The fact is though that there are a number of them that have sailed the seas for a long time. Hartley in New Zealand designed a whole host of them.
If you just want to get out on the water then by all means give a ferro a try. It won''t break any records and if you are only out there to cruise who cares. Provided it doesn''t leak and gives you what you want that is all that matters. They are cheap enough because of the public prejudice but at the other end when you go to sell you''ll probably drop a lot of cash too.
People being what they are therefore tend to avoid them like the plague. They are often built by amateurs and unlike steel boats which often built the same way the workmanship on ferro boats is hard to detect and more expensive to fix.

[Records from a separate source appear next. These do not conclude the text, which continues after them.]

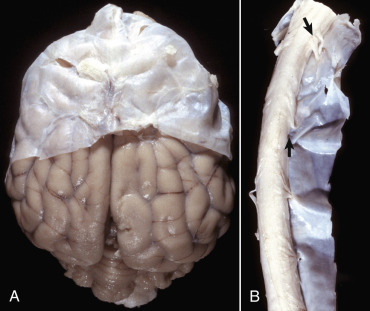 Figure 14-14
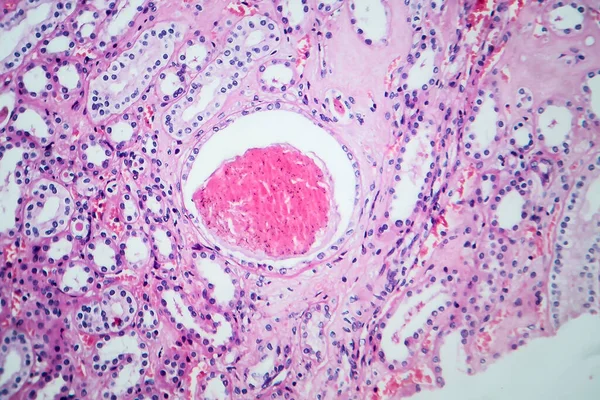 Histopatologie Hypertenzního Onemocnění Ledvin Světelný Mikrograf Fotografie Pod Mikroskopem — Stock fotografie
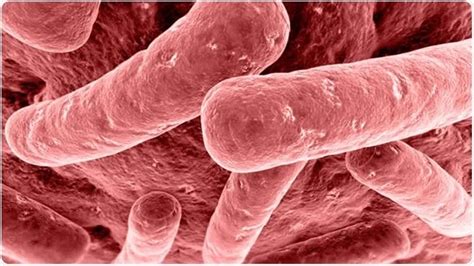 Medical Terms & Сlinical Сases : Botulism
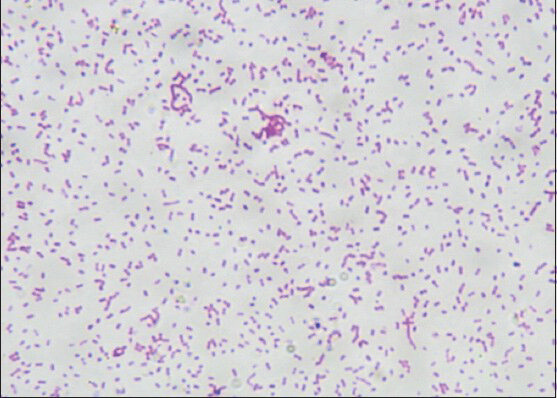 Gram-stained smears photomicrograph showing Pasteurella haemolytica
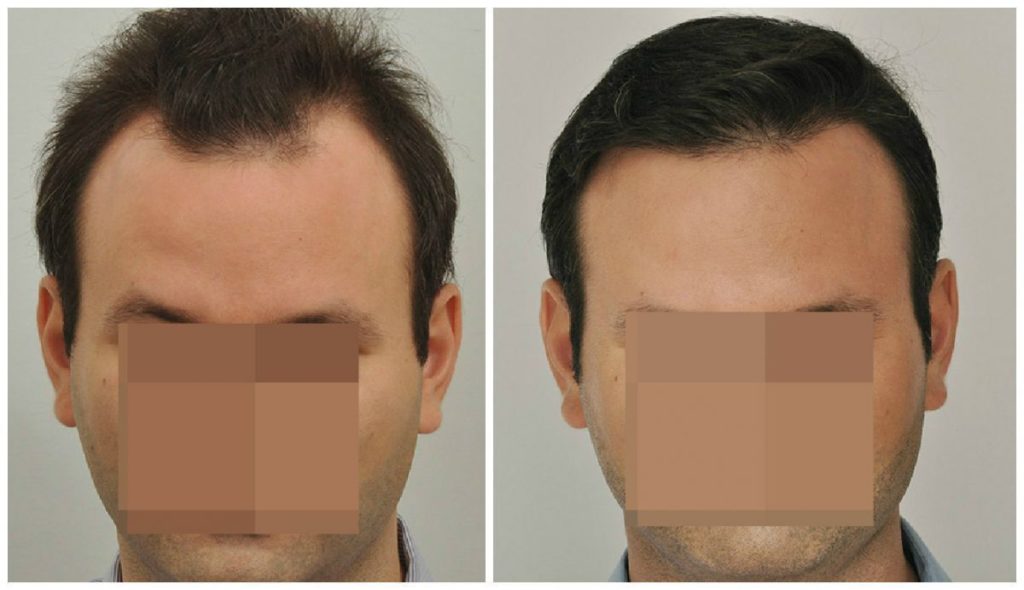 Hair Transplant 2004 grafts FUE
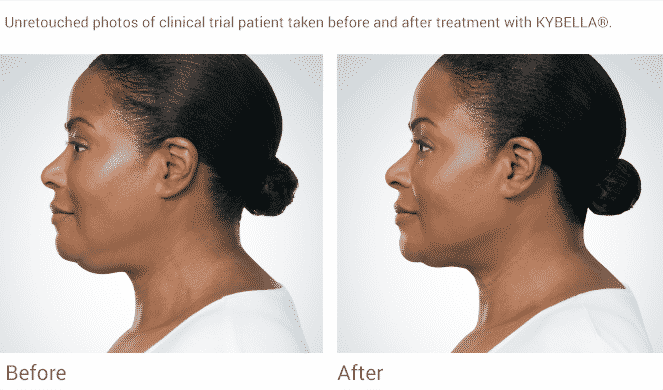 Seattle Kybella At Well Medical Arts. Kybella Is The New Injectable That Permanently Dissolves Fat With A Quick Non-invasive Procedure Providing Contour To The Lower Face And Jawline.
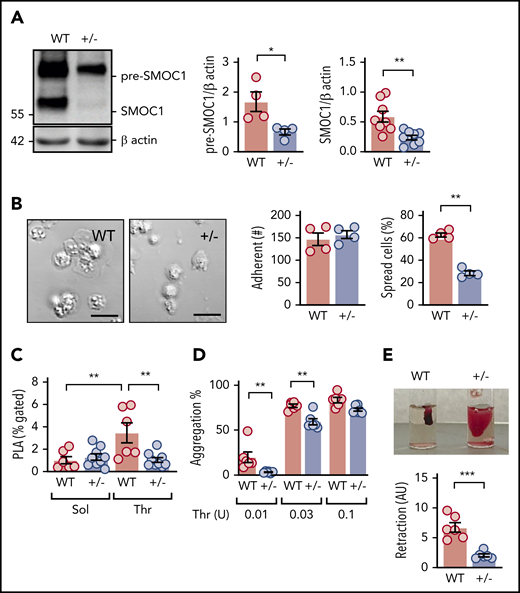 SMOC1 deficiency decreases platelet function in murine platelets. (A) Expression of the premature (pre-SMOC1) and mature secreted (SMOC1) forms of SMOC1 in platelets from WT and SMOC1+/− (+/−) littermates; n = 6 animals per group. *P < .05, **P < .01, Student t test. (B) Adherent and nonspread (inactive) platelets isolated from WT and SMOC1+/− (+/−) mice after seeding onto collagen; n = 4 animals per group. Scale bars, 10 μm. **P < .01, Student t test. (C) Platelet-leukocyte aggregates (PLA) in isolated whole blood from WT and SMOC1+/− (+/−) mice following treatment with solvent (Sol) or thrombin (Thr); n = 6 animals per group. **P < .01, 2-way ANOVA and Newman-Keuls test. (D) Thrombin (Thr)-induced platelet aggregation in washed platelets from WT and SMOC1+/− (+/−) mice; n = animals 7 per group. **P < .01, 2-way ANOVA and Bonferroni test. (E) Thrombin-induced clot retraction using erythrocyte-spiked platelet-rich plasma from WT and SMOC1+/− (+/−) mice; n = 6 animals per group. ***P < .001, Student t test.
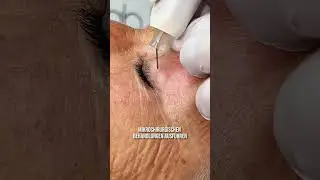 JOVENA - PlasmaPro im Detail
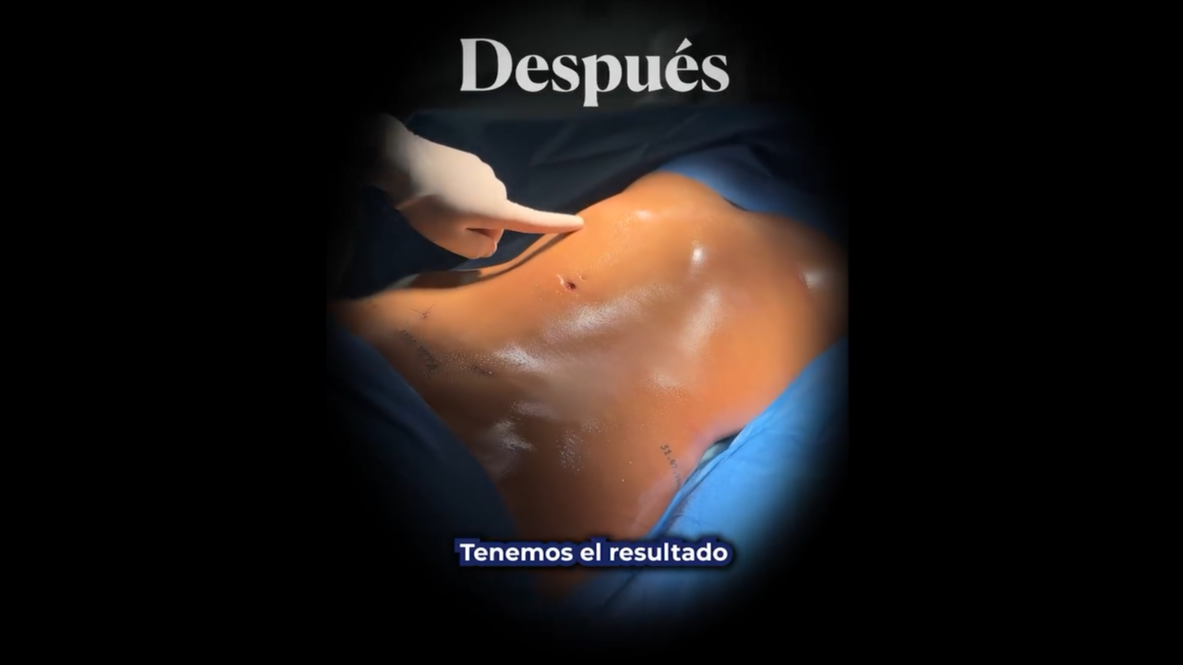 Mayeli: Lipotransferencia de glúteos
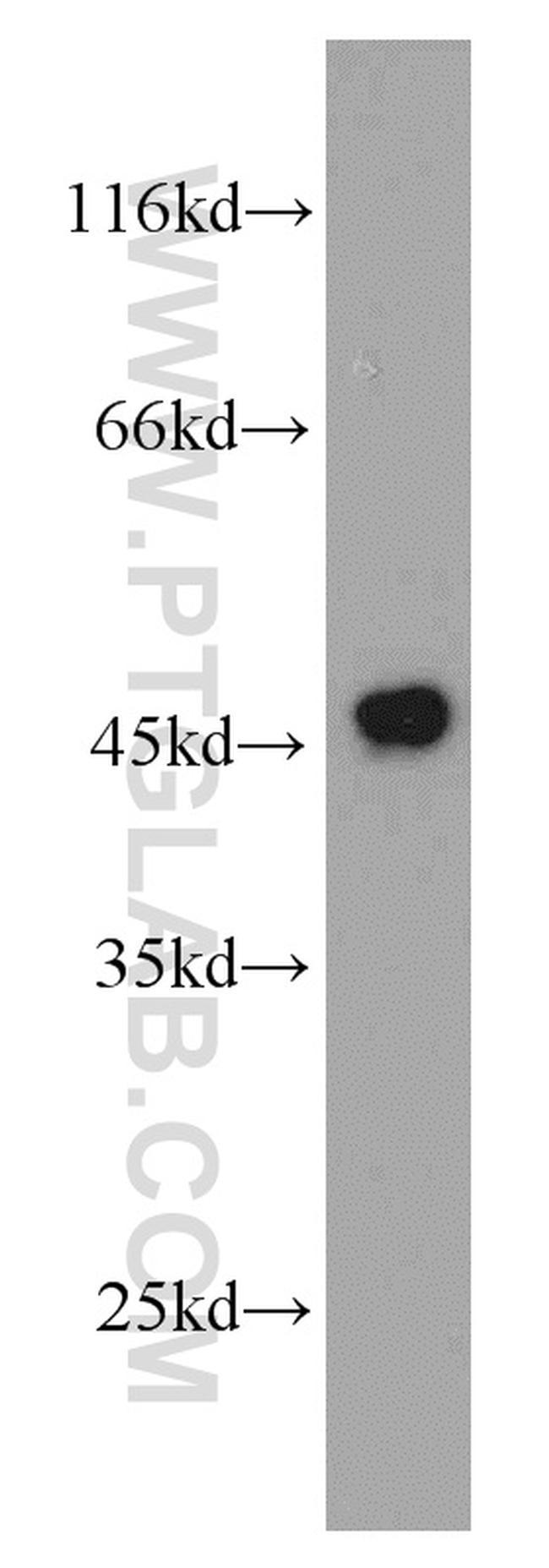 RPL3 Antibody in Western Blot (WB)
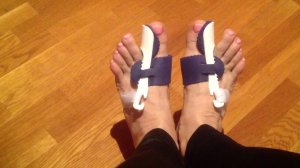 Как избавиться от косточки на ногах. Здоровые ножки.3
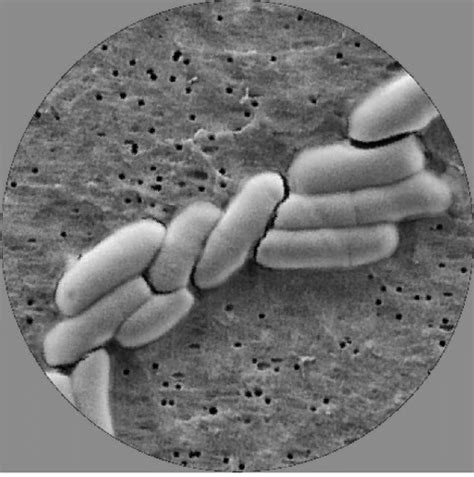 Bifidobacterium Animalis Subsp Lactis Bb 12 Chr Hansen Strain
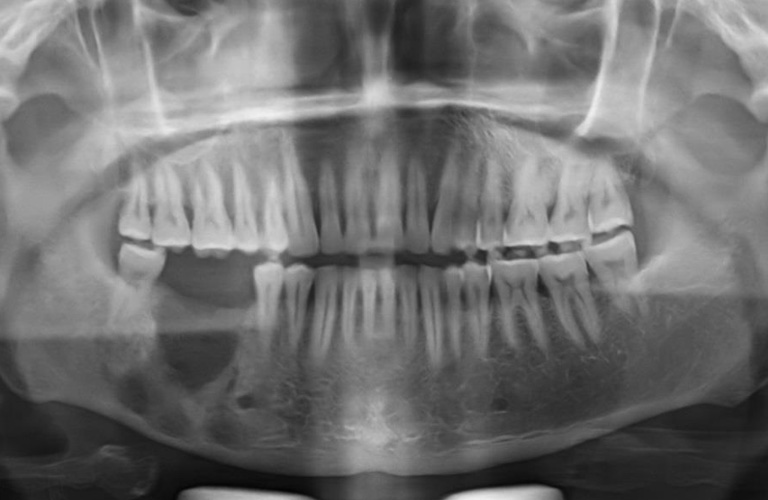 Viêm xương tủy (Osteomyelitis)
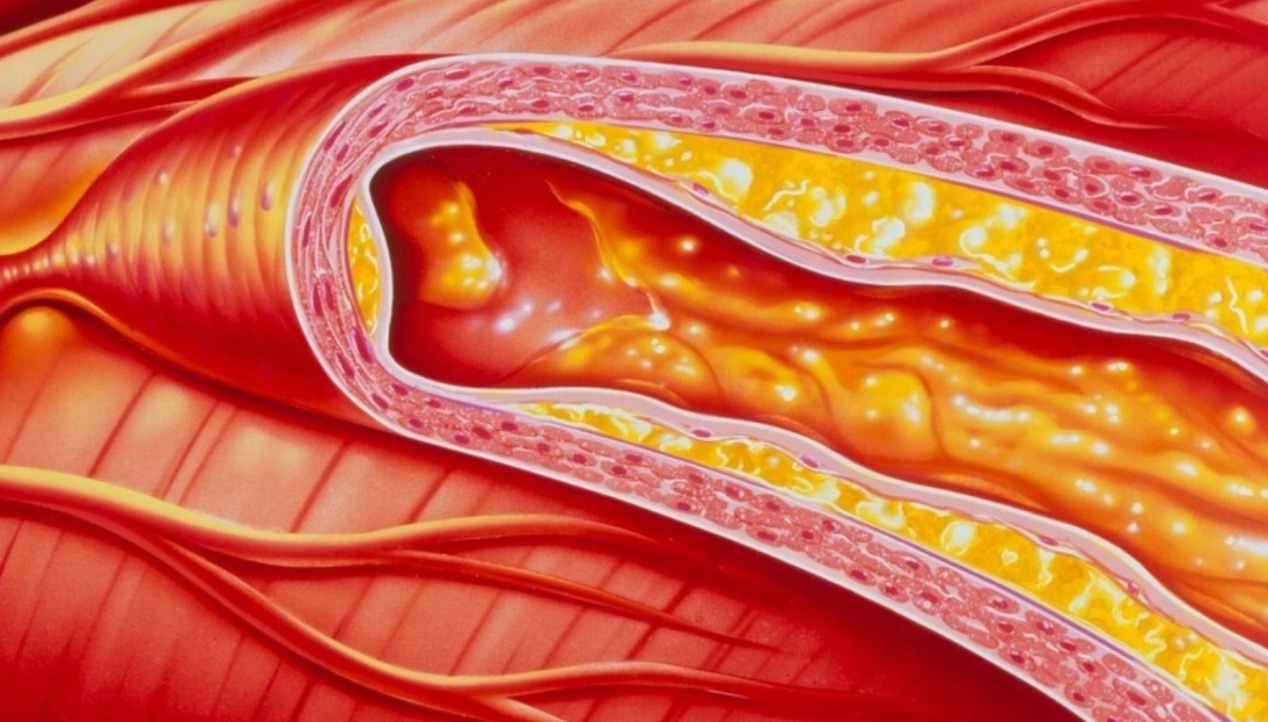 慢性疾病|4种人最容易被高血脂盯上！若你是其中一员，务必尽早重视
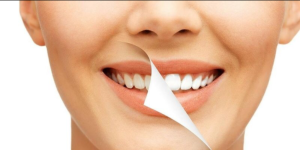 Sorriso perfeito: 10 dicas indispensáveis para ter um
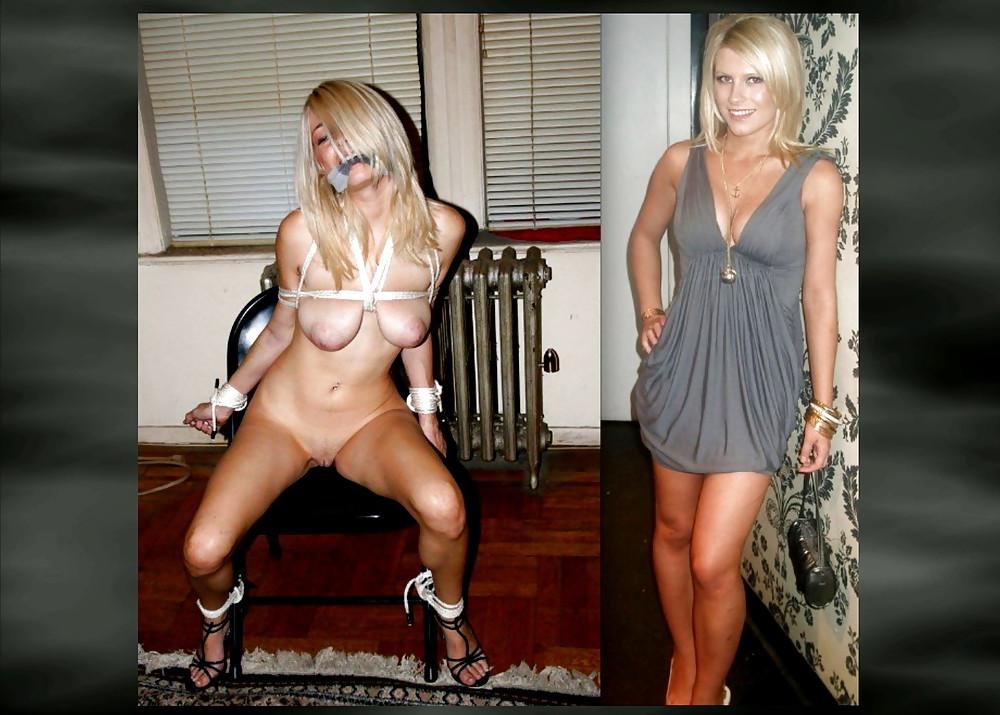 16P Before after torture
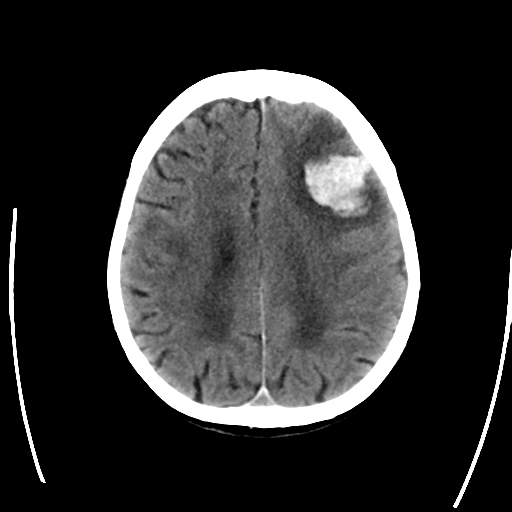 File:Cerebral arteriovenous malformation with lobar hemorrhage (Radiopaedia 44725-48512 Axial non-contrast 24).png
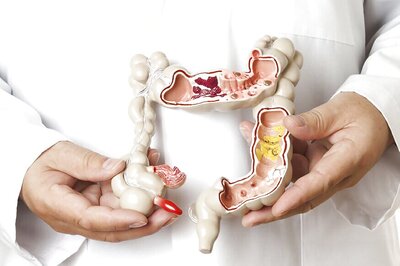 Anti-Gout Drug May Alleviate Bowel Disease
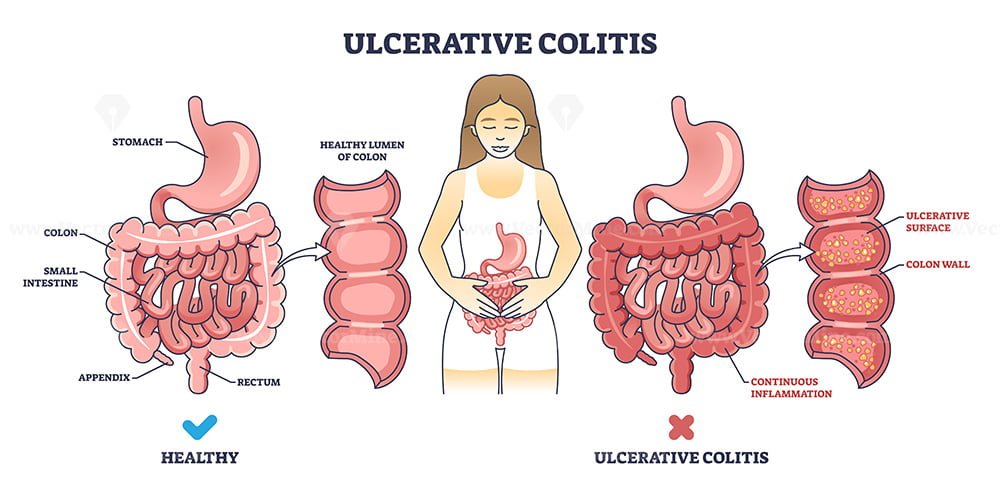 Ulcerative Colitis As Chronic Inflammatory Bowel Disease Outline ...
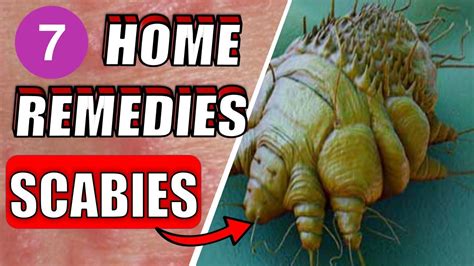 7 effective scabies home natural treatments how to get rid of scabies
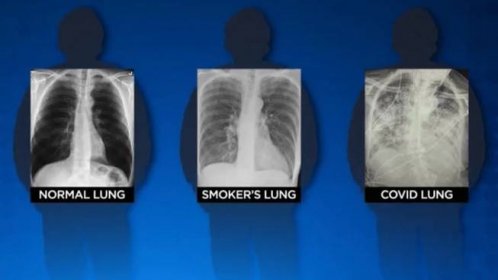 Covid může poškodit plíce i pacientovi bez příznaků, varuje expertka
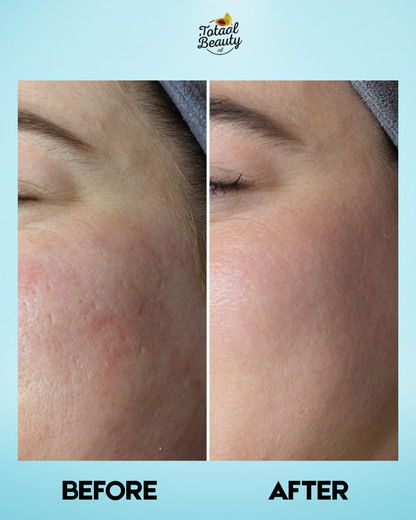 Belo Intensieve Whitening Micropeeling toner 100ml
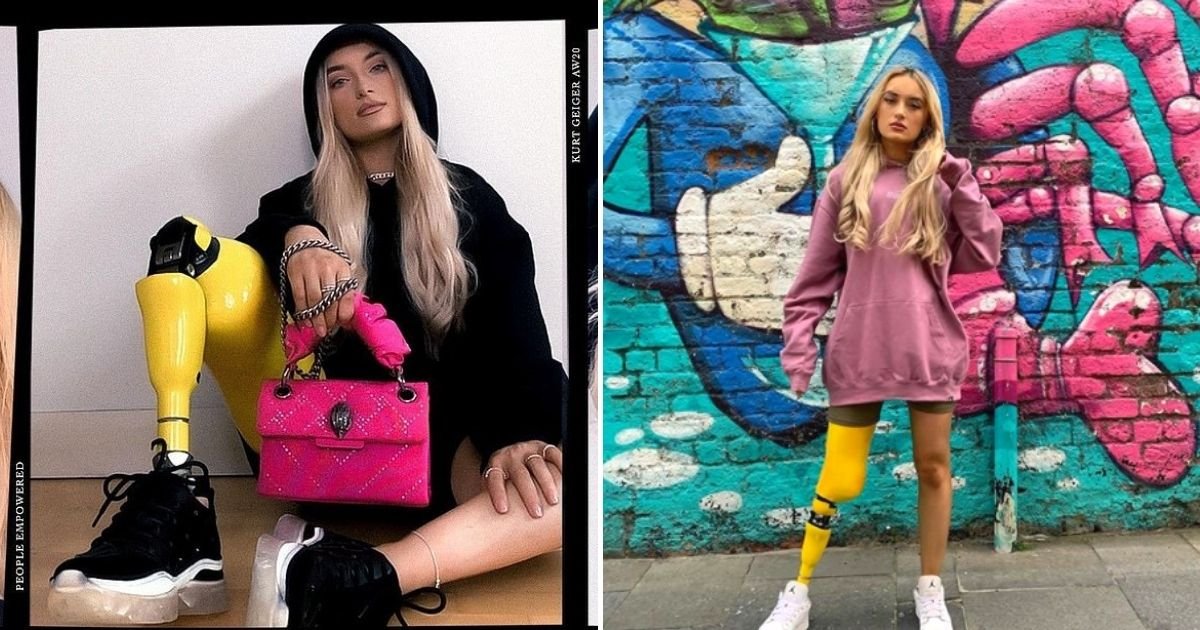 bernadette5.jpg?resize=412,232 - 24-Year-Old Woman Who Lost Her Leg To Cancer Is Now The New Face Of A Major Fashion Brand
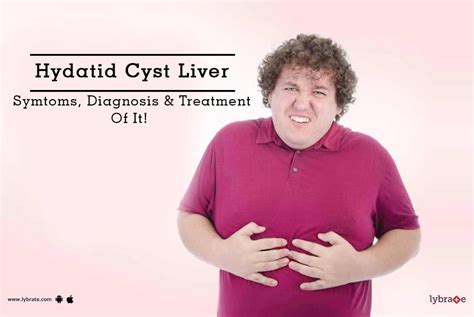 Hydatid Cyst Liver - Symtoms, Diagnosis & Treatment Of It! - By Dr. Manish K Gupta | Lybrate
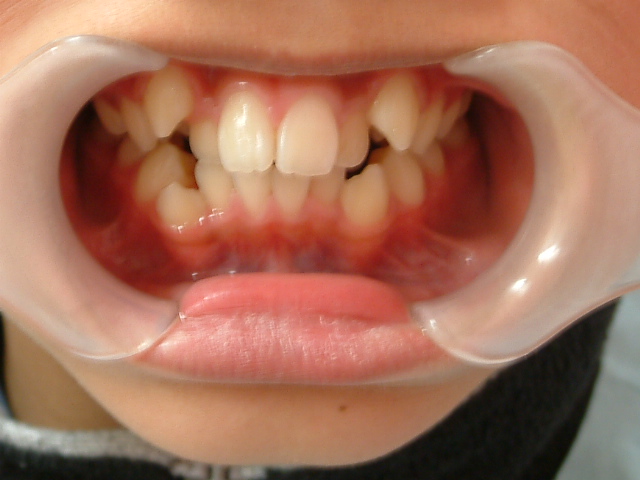 子供の矯正　八重歯　ワイヤー矯正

So if you have been getting advice along those lines maybe you should heed it. Long term if you are really intent on sailing then rock boats as they are sometimes referred to are not for you.
Go smaller if there is a problem with cash and go safe by buying a well recognised production hull if you can get it.
Hey and if that doesn''t convince you then hell just buy a ferro boat anyway. Sometimes we are all too conservative for our own good!